If Flagstar had lacked standing to bring the action, then the filing of that action was a nullity and the debt had not been accelerated (see 21st Mtge. Corp. v Rudman , ––– AD3d ––––, 2022 NY Slip Op 00031 [2d Dept 2022] ; HSBC Bank USA, N.A. v Spitz , ––– AD3d ––––, 156 N.Y.S.3d 867 [2d Dept 2022] ), but here there can be no claim that there was a lack of standing in the 2011 action. The record demonstrates that plaintiff's predecessor in interest had standing to commence the 2011 action, as a copy of the consolidated note endorsed to Flagstar was attached to the certificate of merit filed with the summons and complaint (see Deutsche Bank Natl. Trust Co. v Smartenko, 199 AD3d 643 [2d Dept 2021] ). Plaintiff claims it has standing to commence the present action, and even if defendant raised triable issues of facts as to plaintiff's standing, she failed to present evidence that plaintiff had no standing as required for dismissal of the complaint (see Wells Fargo Bank, N.A. v Lefkowitz , 171 AD3d 843 [2d Dept 2019] ). There is no proof, or claim, of a voluntary discontinuance of the 2011 action as in Freedom Mortgage Corp. v Engel , supra.
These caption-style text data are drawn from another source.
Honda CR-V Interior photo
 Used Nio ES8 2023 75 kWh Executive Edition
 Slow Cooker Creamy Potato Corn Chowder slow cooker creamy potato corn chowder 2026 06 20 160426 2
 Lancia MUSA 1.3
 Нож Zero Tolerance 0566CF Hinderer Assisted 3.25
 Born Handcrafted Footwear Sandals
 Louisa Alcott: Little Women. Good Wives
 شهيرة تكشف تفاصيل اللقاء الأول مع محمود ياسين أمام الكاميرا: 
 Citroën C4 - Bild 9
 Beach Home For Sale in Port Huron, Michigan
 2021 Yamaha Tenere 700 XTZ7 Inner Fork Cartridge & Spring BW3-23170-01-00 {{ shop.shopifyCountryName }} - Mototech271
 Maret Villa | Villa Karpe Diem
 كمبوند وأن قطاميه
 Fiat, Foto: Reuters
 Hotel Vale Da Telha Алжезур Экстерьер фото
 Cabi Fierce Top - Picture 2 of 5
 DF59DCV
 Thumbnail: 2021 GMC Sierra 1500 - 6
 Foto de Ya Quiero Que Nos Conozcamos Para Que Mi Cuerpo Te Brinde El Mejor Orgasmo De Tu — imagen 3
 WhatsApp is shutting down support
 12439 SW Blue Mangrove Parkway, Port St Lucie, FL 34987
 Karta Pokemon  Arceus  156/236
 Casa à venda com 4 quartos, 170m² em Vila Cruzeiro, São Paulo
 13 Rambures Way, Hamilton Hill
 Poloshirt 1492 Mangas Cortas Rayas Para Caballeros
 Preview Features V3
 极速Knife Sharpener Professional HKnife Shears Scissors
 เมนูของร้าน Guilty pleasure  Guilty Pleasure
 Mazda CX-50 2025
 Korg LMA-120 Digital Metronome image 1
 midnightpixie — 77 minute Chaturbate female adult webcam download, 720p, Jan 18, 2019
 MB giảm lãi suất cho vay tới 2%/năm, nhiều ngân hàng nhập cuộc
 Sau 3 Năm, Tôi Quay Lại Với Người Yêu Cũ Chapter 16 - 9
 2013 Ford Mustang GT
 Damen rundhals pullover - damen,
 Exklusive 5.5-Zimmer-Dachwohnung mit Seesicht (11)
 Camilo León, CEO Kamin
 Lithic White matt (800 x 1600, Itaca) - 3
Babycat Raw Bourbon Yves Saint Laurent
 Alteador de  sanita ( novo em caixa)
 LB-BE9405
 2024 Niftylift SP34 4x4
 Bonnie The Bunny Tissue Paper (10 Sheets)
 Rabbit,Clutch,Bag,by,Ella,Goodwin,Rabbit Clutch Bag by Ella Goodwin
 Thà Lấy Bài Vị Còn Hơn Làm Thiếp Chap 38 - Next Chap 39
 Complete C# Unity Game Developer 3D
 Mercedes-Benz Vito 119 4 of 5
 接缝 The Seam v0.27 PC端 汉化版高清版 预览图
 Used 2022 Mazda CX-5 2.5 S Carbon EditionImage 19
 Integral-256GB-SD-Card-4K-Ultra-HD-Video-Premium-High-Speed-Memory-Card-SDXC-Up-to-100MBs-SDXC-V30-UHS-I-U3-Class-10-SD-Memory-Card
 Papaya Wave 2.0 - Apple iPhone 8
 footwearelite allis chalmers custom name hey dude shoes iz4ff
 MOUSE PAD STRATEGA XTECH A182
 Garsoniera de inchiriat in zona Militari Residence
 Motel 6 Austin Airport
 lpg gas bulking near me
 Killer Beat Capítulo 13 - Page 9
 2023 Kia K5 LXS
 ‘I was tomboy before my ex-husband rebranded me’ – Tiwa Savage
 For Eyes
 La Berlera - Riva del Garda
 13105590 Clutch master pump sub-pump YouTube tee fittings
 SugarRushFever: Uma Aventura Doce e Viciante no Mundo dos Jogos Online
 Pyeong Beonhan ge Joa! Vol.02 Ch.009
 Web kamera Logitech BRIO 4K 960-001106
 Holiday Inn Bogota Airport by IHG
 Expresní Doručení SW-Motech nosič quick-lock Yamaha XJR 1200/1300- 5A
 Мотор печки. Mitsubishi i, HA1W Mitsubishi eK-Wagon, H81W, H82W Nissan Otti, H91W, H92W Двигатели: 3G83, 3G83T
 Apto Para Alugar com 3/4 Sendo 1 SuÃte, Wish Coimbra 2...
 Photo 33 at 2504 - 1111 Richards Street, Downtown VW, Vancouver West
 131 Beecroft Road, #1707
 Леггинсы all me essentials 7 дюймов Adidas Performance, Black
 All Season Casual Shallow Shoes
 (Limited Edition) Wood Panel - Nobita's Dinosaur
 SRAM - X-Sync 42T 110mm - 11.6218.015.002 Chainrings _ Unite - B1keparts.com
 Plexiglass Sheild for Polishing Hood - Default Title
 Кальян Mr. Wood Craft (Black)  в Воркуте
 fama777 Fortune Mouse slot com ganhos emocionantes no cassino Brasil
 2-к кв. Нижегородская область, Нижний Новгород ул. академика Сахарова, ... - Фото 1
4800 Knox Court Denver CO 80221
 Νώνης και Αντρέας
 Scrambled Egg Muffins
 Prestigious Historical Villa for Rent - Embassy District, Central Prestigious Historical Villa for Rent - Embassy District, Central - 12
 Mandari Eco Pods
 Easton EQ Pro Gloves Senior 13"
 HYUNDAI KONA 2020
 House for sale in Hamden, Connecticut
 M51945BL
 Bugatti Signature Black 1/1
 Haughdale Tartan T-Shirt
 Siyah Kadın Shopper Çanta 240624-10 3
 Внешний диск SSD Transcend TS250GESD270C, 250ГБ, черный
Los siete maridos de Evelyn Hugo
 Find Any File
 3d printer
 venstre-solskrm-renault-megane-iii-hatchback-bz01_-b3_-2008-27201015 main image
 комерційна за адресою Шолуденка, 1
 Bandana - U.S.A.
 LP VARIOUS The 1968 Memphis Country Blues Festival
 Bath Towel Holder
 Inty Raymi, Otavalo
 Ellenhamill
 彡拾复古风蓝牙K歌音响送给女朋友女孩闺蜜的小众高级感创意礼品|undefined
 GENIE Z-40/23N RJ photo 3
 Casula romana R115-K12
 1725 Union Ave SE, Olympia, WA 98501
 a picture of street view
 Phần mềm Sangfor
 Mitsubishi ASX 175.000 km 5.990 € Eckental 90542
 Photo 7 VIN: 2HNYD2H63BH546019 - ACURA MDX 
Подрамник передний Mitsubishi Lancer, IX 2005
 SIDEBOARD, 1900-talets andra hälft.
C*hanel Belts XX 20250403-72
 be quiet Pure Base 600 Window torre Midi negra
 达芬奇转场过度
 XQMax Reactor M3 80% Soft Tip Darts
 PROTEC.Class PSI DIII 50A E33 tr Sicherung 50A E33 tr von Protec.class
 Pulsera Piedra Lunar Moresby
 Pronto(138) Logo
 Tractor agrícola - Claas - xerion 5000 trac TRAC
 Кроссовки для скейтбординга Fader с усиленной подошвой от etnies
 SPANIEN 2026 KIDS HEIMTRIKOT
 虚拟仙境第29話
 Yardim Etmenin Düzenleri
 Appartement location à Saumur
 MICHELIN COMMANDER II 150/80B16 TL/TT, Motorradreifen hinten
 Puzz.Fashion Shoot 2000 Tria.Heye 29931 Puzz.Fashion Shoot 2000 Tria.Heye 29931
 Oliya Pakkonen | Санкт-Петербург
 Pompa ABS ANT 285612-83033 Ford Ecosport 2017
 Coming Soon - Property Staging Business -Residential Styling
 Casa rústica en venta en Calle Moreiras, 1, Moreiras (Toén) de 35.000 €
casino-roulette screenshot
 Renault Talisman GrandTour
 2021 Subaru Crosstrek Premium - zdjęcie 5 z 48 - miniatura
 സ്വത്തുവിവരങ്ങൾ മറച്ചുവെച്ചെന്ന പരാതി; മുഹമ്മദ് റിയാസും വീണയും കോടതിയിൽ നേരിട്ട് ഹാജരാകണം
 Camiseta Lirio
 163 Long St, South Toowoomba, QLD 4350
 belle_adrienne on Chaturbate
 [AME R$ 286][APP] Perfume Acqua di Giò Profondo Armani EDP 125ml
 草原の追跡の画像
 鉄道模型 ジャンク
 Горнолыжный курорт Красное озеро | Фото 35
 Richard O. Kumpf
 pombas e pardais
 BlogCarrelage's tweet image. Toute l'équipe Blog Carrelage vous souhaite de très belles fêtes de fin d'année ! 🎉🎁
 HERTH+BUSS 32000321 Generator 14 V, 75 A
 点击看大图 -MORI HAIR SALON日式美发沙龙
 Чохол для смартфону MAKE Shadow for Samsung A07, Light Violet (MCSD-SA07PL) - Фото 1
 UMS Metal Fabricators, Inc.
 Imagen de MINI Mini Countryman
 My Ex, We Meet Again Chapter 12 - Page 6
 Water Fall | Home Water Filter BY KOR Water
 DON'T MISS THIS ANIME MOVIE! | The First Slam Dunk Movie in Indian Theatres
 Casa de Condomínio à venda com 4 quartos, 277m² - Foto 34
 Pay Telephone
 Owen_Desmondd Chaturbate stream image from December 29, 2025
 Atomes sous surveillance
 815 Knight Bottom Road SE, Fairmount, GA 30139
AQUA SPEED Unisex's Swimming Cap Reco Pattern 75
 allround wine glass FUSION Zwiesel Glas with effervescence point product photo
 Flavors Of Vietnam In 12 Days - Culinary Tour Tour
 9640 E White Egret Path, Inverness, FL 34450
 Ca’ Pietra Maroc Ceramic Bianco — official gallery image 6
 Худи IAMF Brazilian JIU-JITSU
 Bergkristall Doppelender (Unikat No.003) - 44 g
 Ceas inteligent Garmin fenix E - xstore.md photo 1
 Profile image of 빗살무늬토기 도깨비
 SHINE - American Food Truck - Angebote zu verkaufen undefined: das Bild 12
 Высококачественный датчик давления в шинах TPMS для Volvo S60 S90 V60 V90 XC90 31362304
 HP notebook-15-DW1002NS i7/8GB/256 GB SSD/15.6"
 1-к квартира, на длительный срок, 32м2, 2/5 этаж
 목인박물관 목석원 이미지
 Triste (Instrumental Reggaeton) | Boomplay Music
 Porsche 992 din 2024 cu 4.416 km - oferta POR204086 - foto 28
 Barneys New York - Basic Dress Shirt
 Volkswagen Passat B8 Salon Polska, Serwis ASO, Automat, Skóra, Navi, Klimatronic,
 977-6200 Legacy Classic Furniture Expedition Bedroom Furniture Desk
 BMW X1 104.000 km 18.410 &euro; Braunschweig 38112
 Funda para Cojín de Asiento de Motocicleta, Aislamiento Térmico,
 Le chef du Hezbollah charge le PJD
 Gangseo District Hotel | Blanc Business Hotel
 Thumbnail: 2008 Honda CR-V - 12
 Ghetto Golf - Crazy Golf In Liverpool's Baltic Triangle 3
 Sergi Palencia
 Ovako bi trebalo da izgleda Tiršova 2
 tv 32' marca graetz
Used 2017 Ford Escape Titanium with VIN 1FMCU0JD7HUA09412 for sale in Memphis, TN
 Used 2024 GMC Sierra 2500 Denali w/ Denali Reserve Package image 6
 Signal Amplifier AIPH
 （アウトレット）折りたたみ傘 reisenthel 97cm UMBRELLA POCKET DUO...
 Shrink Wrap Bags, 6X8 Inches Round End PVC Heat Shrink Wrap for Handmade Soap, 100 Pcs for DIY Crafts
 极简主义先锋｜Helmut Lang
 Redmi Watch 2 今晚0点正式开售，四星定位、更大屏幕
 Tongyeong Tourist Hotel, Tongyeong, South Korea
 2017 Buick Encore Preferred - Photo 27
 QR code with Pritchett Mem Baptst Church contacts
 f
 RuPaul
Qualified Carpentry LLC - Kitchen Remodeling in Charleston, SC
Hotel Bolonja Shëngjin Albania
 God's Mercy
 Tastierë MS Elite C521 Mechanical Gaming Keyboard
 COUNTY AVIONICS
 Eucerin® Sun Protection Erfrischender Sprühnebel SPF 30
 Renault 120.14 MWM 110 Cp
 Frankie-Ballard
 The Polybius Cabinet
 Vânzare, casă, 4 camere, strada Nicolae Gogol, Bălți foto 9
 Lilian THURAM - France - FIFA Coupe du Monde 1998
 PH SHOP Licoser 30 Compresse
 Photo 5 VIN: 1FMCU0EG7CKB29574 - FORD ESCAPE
Instead, plaintiff argues that the 2011 action was a nullity by virtue of being dismissed by the Appellate Division "for improper acceleration," and therefore, in the absence of an acceleration of the entire debt, plaintiff was free to commence a new action. That argument is rejected. Contrary to plaintiff's characterization, the dismissal of the prior action was for failure to comply with the pre-foreclosure notice requirements of RPAPL § 1304, not for improper acceleration. The mere dismissal of an action has been held not be an act revoking acceleration (see Federal Natl. Mtge. Assn. v Woolstone , 196 AD3d 548 [2d Dept 2021] ; Nationstar Mtge., LLC v Weisz , 195 AD3d 934 [2d Dept 2021] ; HSBC Bank USA, N.A. v Hochstrasser , 193 AD3d 915 [2d Dept 2021] ; see also 53rd Street, LLC v. U.S. Bank National Association , 8 F4th 74 [2d Cir, 2021] ). While compliance with RPAPL § 1304 is a condition precedent to the commencement of a foreclosure action, it is not part of plaintiff's prima facie case and is not jurisdictional (see Bank of Am., N.A. v Cord , 168 AD3d 896 [2d Dept 2019] ; U.S. Bank N.A. v Carey , 137 AD3d 894 [2d Dept 2016] ). The court could find no authority holding that dismissal on RPAPL § 1304 grounds is an affirmative act of revocation of acceleration or renders the action a nullity as would lack of standing. In fact, dismissal of an action for failure to meet a condition precedent does not render it a nullity (see generally Parker v Mack , 61 NY2d 114 [1984] ; Carrick v Central Gen. Hosp. , 51 NY2d 242 [1980] ). Plaintiff has therefore failed to rebut defendant's prima facie showing, requiring dismissal of the action.
Accordingly, plaintiff's motion is denied and upon searching the record, the Court dismisses plaintiff's complaint. Plaintiff's proposed order is marked "Not Signed."
The foregoing constitutes the decision and order of the Court.